How can the individual investor find and interpret the best sources of information? The Internet is rich with material. Is it too rich?
Investors have so much information that they cannot read it all. Suppose you are an individual investor, encouraged by television advertising to make your own decisions. You look at the list of the leading financial blogs and start reading. Many of the sources highlight each new data point, encouraging the investor to make decisions on this basis.
This is fine if the investor has a perspective on fundamentals --forward earnings of stocks compared to the principal alternatives -- bonds and real estate. Lacking this perspective, the potential investor in stocks gets a plethora of repetitive information about what is wrong.
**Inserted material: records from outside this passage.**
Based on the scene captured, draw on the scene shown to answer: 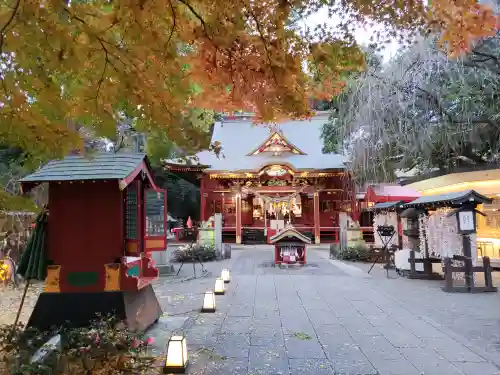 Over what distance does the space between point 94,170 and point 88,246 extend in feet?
3.41

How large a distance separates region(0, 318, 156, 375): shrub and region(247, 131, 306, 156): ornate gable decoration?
19.2 m

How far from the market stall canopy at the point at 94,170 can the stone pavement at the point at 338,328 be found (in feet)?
8.13

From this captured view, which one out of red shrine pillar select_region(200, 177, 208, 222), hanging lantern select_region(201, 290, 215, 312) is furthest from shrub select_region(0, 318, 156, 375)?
red shrine pillar select_region(200, 177, 208, 222)

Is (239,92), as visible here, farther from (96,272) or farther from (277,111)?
(96,272)

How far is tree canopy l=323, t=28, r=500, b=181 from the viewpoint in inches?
360

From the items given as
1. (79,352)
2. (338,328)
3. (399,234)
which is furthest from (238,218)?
(79,352)

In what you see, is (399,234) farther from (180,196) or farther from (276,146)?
(180,196)

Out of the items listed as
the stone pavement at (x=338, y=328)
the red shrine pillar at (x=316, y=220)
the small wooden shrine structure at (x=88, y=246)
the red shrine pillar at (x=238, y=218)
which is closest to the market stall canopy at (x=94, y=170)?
the small wooden shrine structure at (x=88, y=246)

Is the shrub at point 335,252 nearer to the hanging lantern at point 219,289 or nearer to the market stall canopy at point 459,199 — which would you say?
the market stall canopy at point 459,199

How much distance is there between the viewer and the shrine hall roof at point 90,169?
4969 mm

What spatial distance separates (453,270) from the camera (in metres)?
8.55

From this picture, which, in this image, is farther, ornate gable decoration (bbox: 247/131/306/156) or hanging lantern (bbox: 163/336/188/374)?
ornate gable decoration (bbox: 247/131/306/156)

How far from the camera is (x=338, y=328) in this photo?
19.1 feet

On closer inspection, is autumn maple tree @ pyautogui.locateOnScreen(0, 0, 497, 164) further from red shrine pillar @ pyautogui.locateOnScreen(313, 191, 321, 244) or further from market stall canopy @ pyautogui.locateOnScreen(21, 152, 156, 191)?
red shrine pillar @ pyautogui.locateOnScreen(313, 191, 321, 244)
Not all economic indicators are reflected.
Most readers do not follow the LINQCRED method that we recommend. They read headlines and interpretation without doing their own analysis. They also do not question the expertise of those interpreting for them.
A Case in Point
Last week we met with a potential investor, typical of many with whom we talk. We discussed our programs -- one based on fundamentals and the other based on system trading. Both have strong records versus the S&P 500 for our history of nearly ten years.
The potential investor likes to read things online, and made a revealing comment. He said, "I like to keep track of the things I should be worried about."
This is the key. The investor is not looking for opportunity when everyone is worried. He is joining the worry. Those reading Internet information must have a framework for analysis or they will certainly go wrong.
An Objective Source on Housing
Anyone paying attention knows about housing problems. The Bearish Broadcasting Network, which we recently spoofed, makes sure that each new data point gets plenty of attention.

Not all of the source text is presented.